### Your instructions
Transcribe the records verbatim, images excluded.

### Records for this exercise
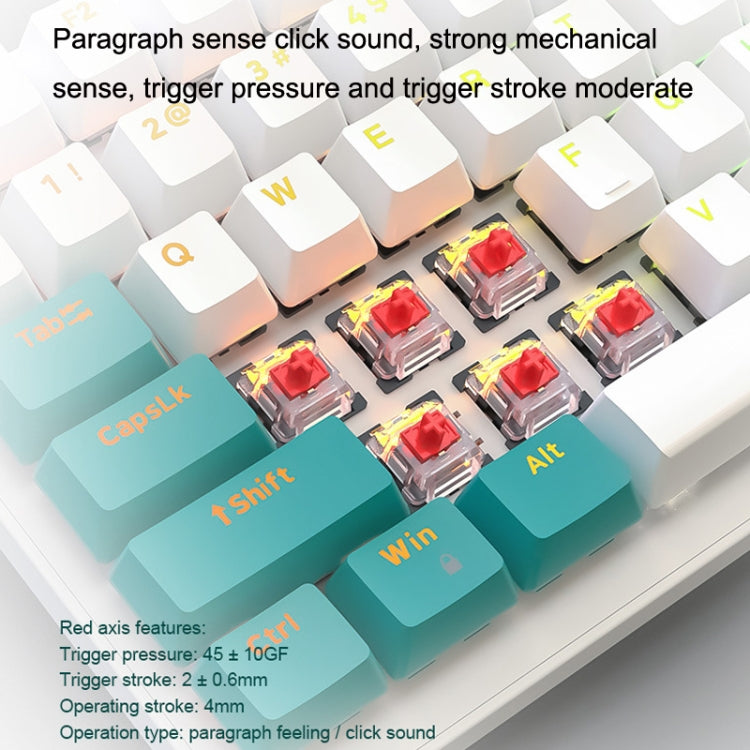 ZIYOU LANG K3 100 Keys Game Glowing Wired Mechanical Keyboard, Cable Length: 1.5m, Style: Micro Light Version Green Axis by ZIYOU LANG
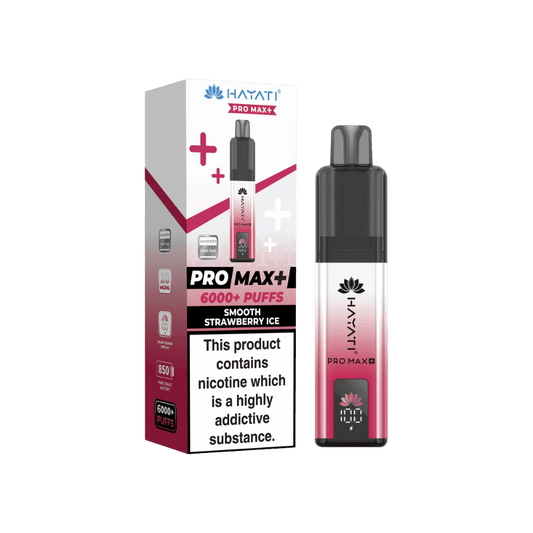 Hayati Pro Max Plus 6000 Puffs Smooth Strawberry Ice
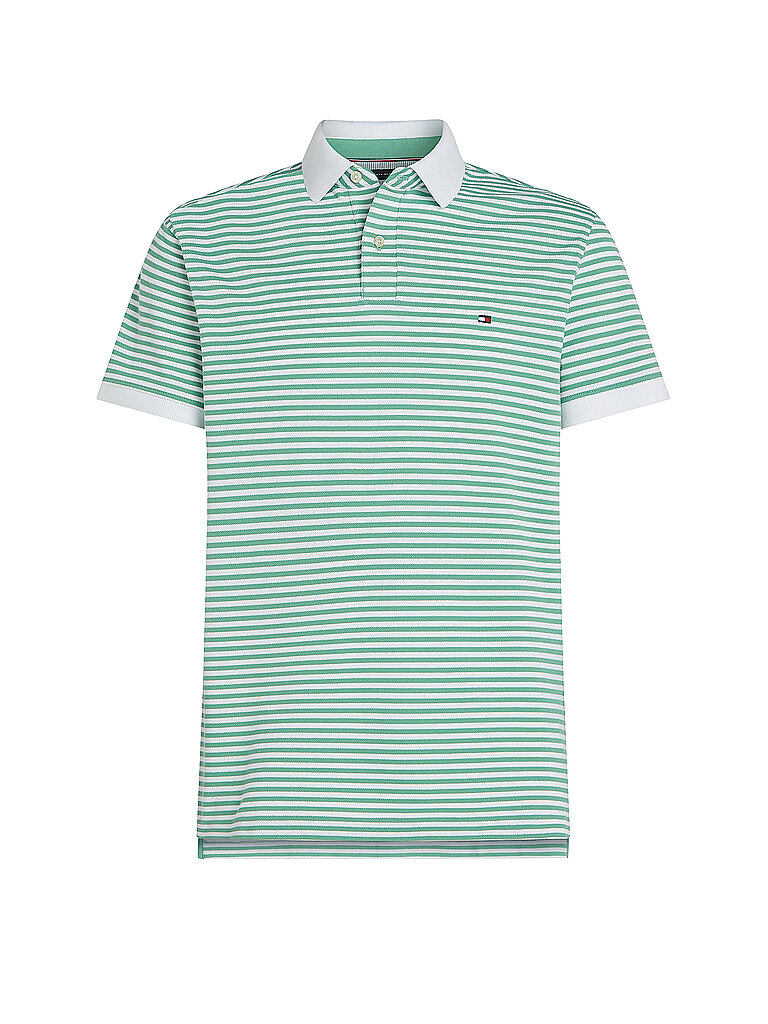 TOMMY HILFIGER Poloshirt Slim Fit grün | XXL TOMMY HILFIGER Poloshirt Slim Fit grün | XXL von Tommy Hilfiger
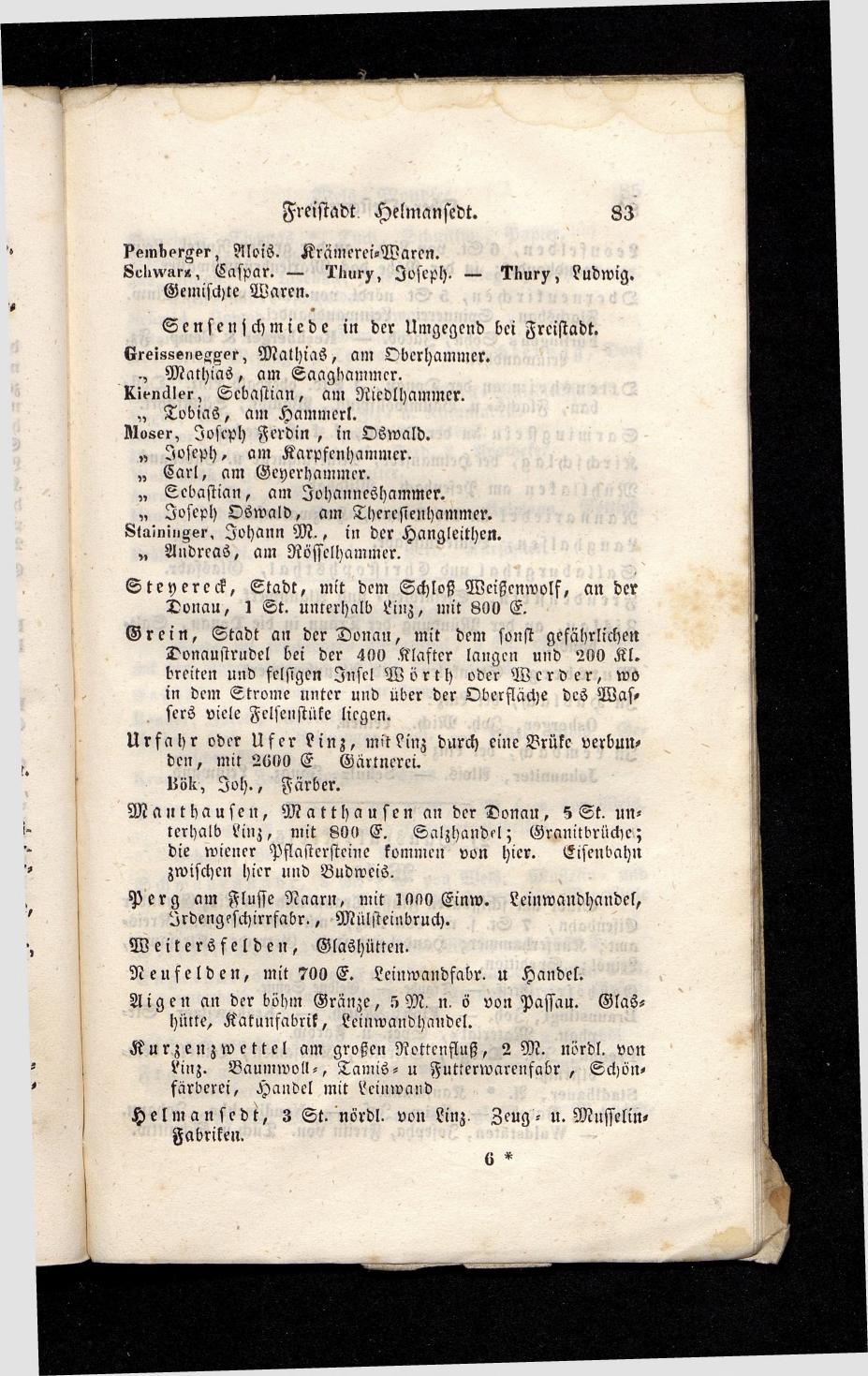 Grosses Adressbuch der Kaufleute. No. 13. Oesterreich ober u. unter der Enns 1844 - Seite 87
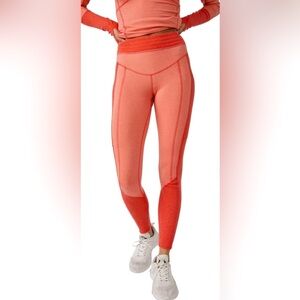 FREE PEOPLE MOVEMENT UNDERCOVER COLOR BLOCK LEGGINGS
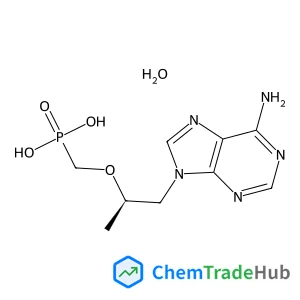 ({[(2R)-1-(6-Amino-9H-purin-9-yl)-2-propanyl]oxy}methyl)phosphonic acid hydrate (1:1)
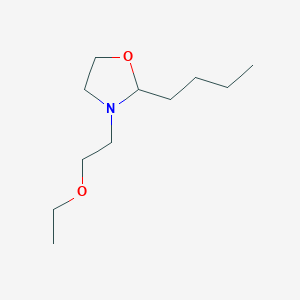 2-Butyl-3-(2-ethoxyethyl)-1,3-oxazolidine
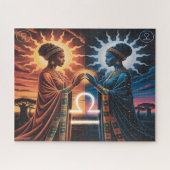 Libra Celestial Sisters Jigsaw Puzzle (Horizontal)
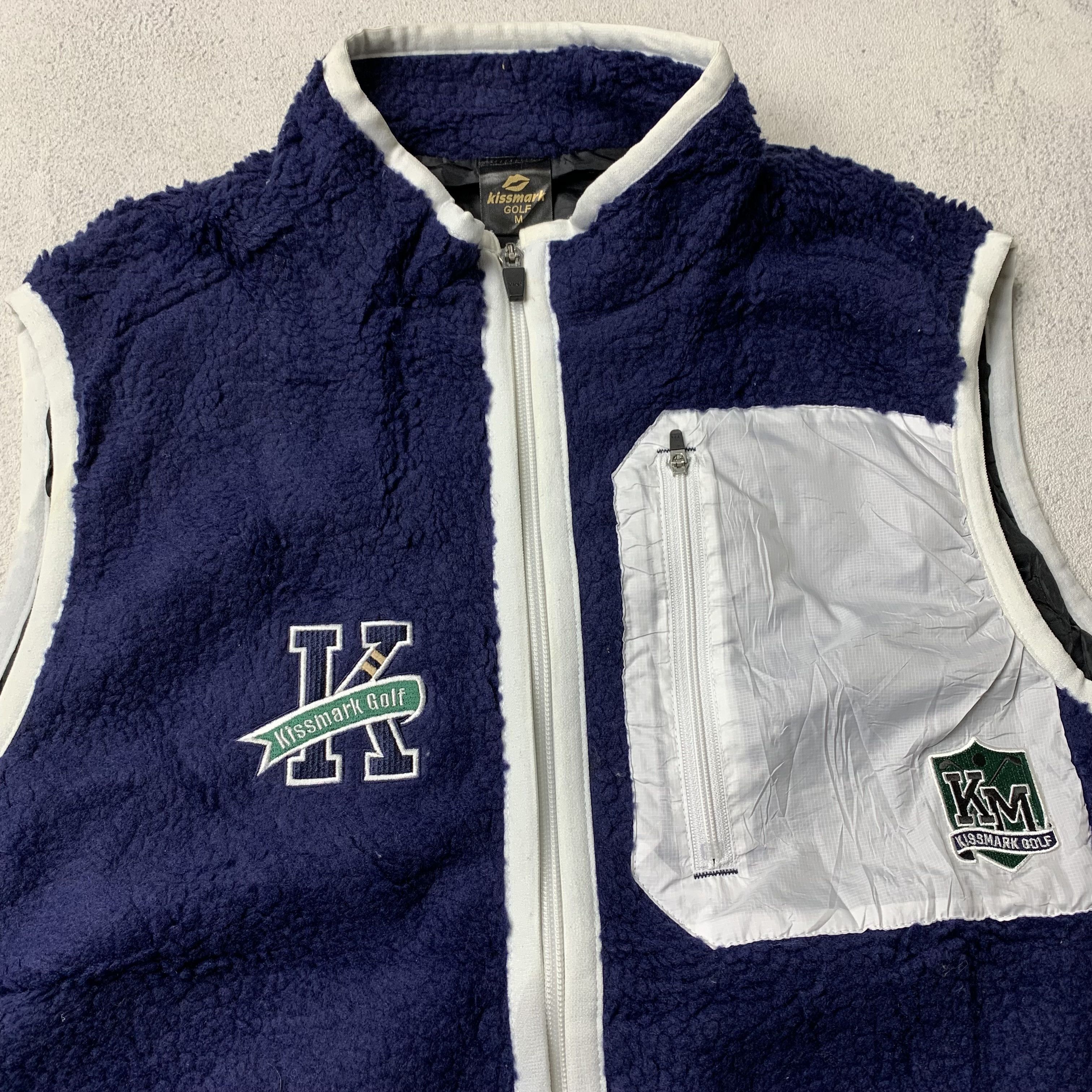 Vintage Kissmark Golf Fleece Vest Size US M / EU 48-50 / 2 - 3 Thumbnail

### Exercise answer
 ZIYOU LANG K3 100 Keys Game Glowing Wired Mechanical Keyboard, Cable Length: 1.5m, Style: Micro Light Version Green Axis by ZIYOU LANG
 Hayati Pro Max Plus 6000 Puffs Smooth Strawberry Ice
 TOMMY HILFIGER Poloshirt Slim Fit grün | XXL TOMMY HILFIGER Poloshirt Slim Fit grün | XXL von Tommy Hilfiger
 Grosses Adressbuch der Kaufleute. No. 13. Oesterreich ober u. unter der Enns 1844 - Seite 87
 FREE PEOPLE MOVEMENT UNDERCOVER COLOR BLOCK LEGGINGS
 ({[(2R)-1-(6-Amino-9H-purin-9-yl)-2-propanyl]oxy}methyl)phosphonic acid hydrate (1:1)
 2-Butyl-3-(2-ethoxyethyl)-1,3-oxazolidine
 Libra Celestial Sisters Jigsaw Puzzle (Horizontal)
 Vintage Kissmark Golf Fleece Vest Size US M / EU 48-50 / 2 - 3 Thumbnail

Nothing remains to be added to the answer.